More locals had jobs in the first half of this year, but the pace of employment growth slowed.
Meanwhile, the number of foreigners employed here, excluding maids, grew at a faster pace and overtook the growth in local employment for the first time in three years, according to data released by the Ministry of Manpower (MOM) yesterday.
Local employment grew by 5,300 in the first half of the year, down from 20,900 in the second half of last year, and 6,500 a year ago.
The growth was in sectors such as community, social and personal services, professional services, financial and insurance services, and information and communications, said the ministry.
Foreign employment, excluding maids, grew by 11,600 in the first half of this year, up from 10,500 in the second half of last year and 400 a year ago. MOM attributed this mainly to growth in the service and construction sectors.
More than half of the increase, or 6,400, was from work permit holders.
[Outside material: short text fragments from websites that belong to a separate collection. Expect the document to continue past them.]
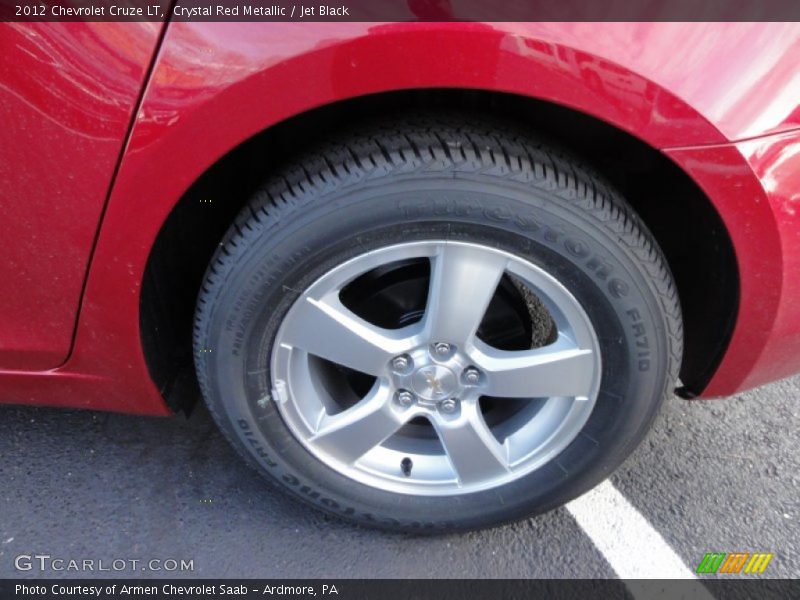 Crystal Red Metallic / Jet Black 2012 Chevrolet Cruze LT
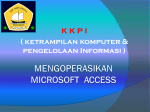 Mengoperasikan microsoft access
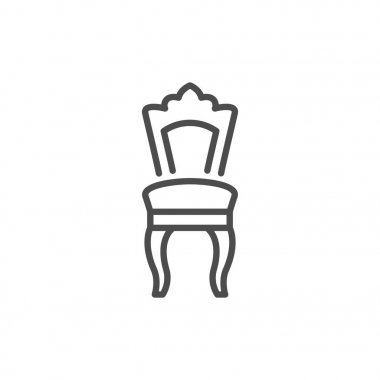 Klasik sandalye satırı simgesi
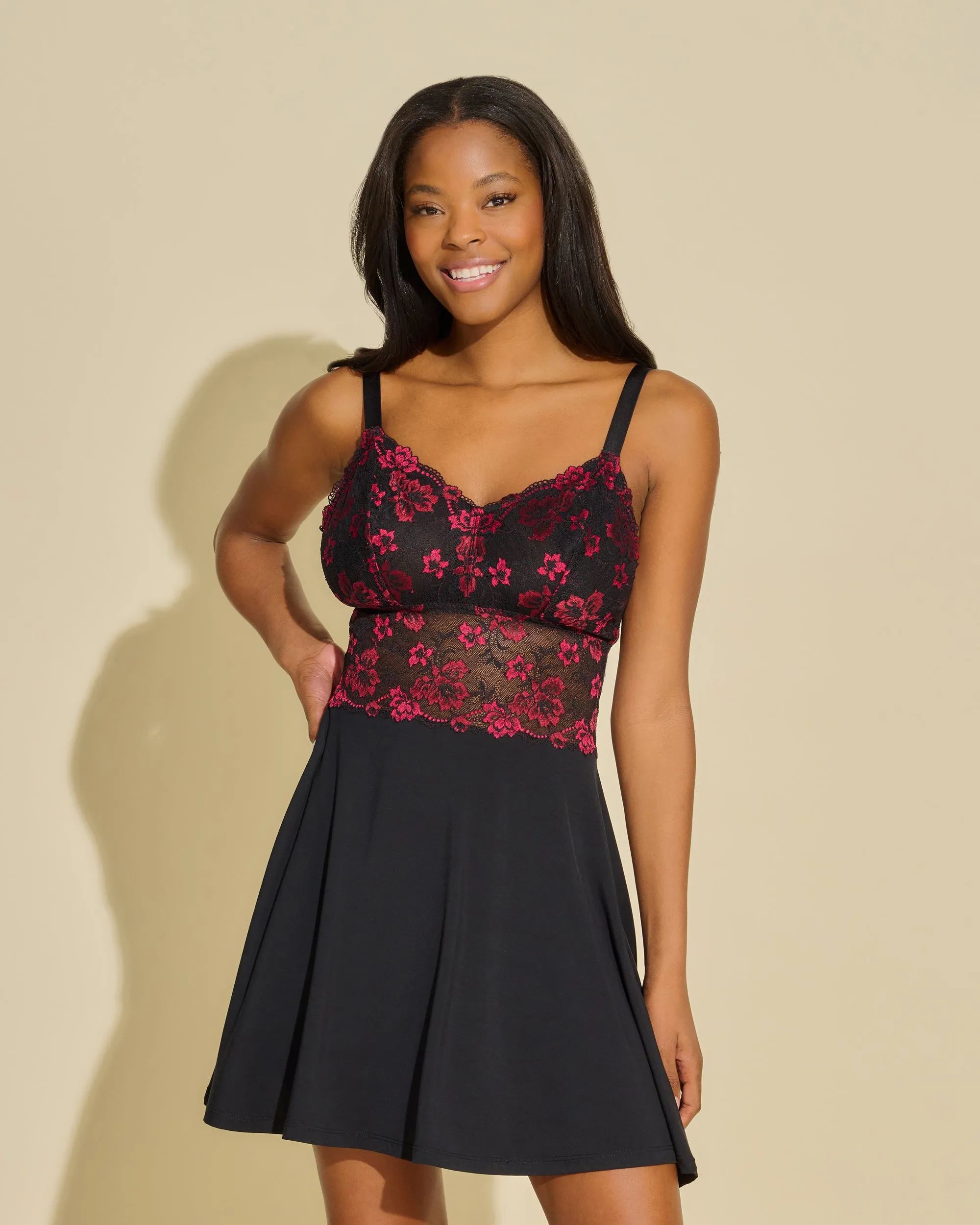 Curvy Chemise & G-String Set sold by Cosabella product image thumbnail 3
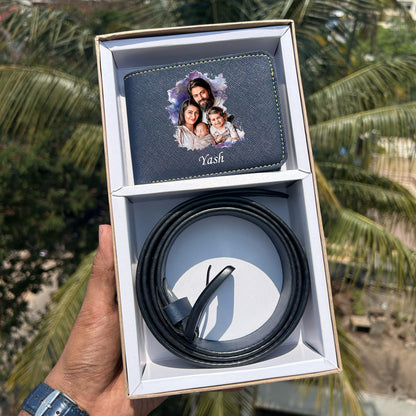 Artistic Wallet & Belt Combo – Premium Personalized Gift Set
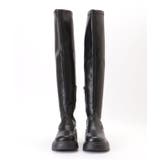 ラウンドトゥ レザー調 厚底 | レースレディース  | 詳細画像14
There were also 3,200 more employment pass holders.
The total workforce growth, excluding maids, slowed in the first half of the year to 16,900, down from 31,400 in the second half of last year, which MOM said had been boosted by the festive season.
Economist Selena Ling, head of treasury research and strategy at OCBC Bank, said companies could be turning to foreigners because of a skills shortage among locals in areas such as nursing, and information and communications technology.
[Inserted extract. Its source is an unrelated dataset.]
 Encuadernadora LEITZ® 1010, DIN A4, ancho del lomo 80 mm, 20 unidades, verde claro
"It is probably a reflection of some of the flexibility given for employing specific type of niche talent in certain industries," she said.
She added that a calibrated approach is needed. "If you restrict labour too much in sectors that are still growing, there is a risk it might backfire if some of those activities also close or shift offshore."
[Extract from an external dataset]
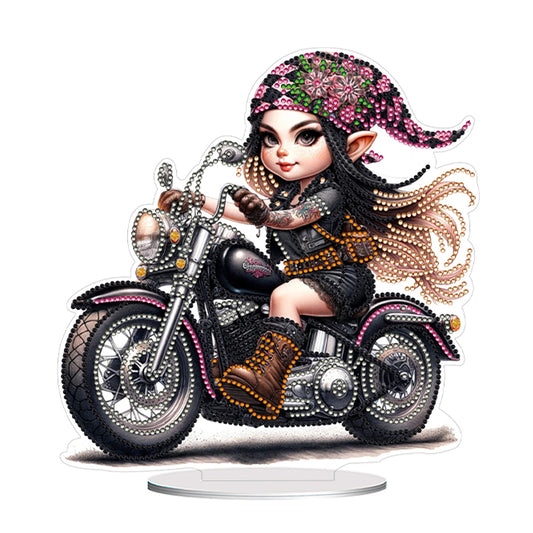 PVC Round Special Shaped Girl Animal 5D Diamond Painting Ornament for Home Decor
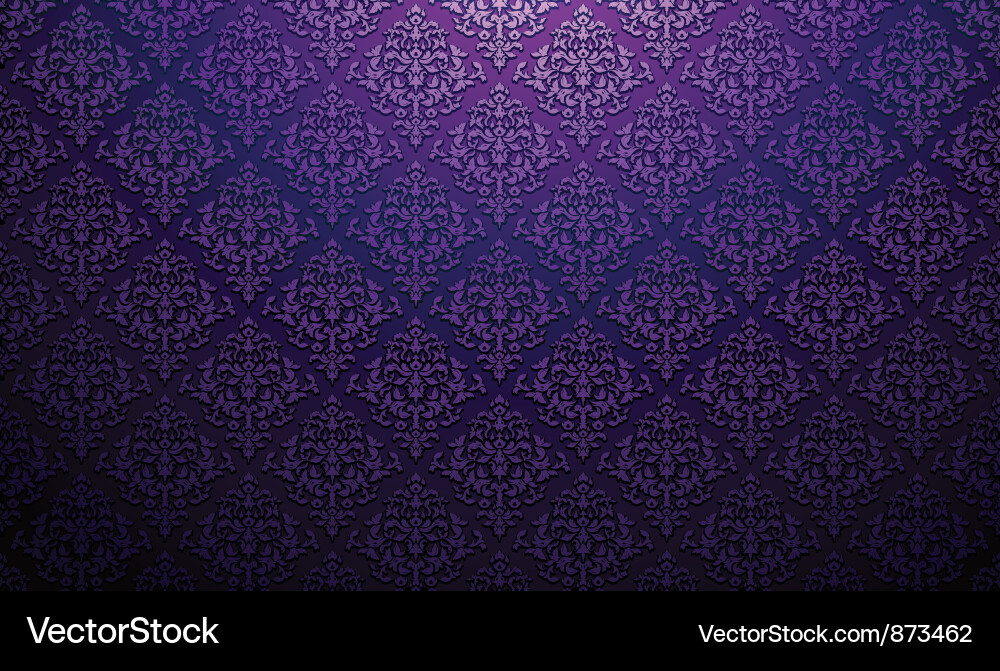 Damask web banner vector image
DBS senior economist Irvin Seah said that another reason could be rising wages for locals, which could lead companies to prefer foreigners for lower-skilled jobs.
He said it is worrying that the faster growth in foreign employment comes on the back of the slowing employment growth in the service sector, where many locals work.
The Government's move to raise the service sector Dependency Ratio Ceiling, which caps the proportion of foreigners a company can employ, over the next two years "is well justified in the light of what we are seeing now", he added.
MOM said employment growth in the service sector, going forward, is expected in both outward-oriented and domestic-oriented segments, supported by demand for enterprise information technology solutions and payment processing services, as well as the ramping up of operations in healthcare facilities.
The sector added 19,000 workers in the first half of the year, excluding maids.
The hiring outlook in the manufacturing sector, which employed 4,700 fewer workers in the first half of the year, is likely to remain cautious due to weak global demand for semiconductors.
However, the aerospace and food and beverage manufacturing segments should continue to do well.
The construction sector, on the other hand, added 2,800 workers in the first half of the year.
The ministry said construction output is likely to see a turnaround this year after three consecutive years of contraction, which should support employment growth in the sector.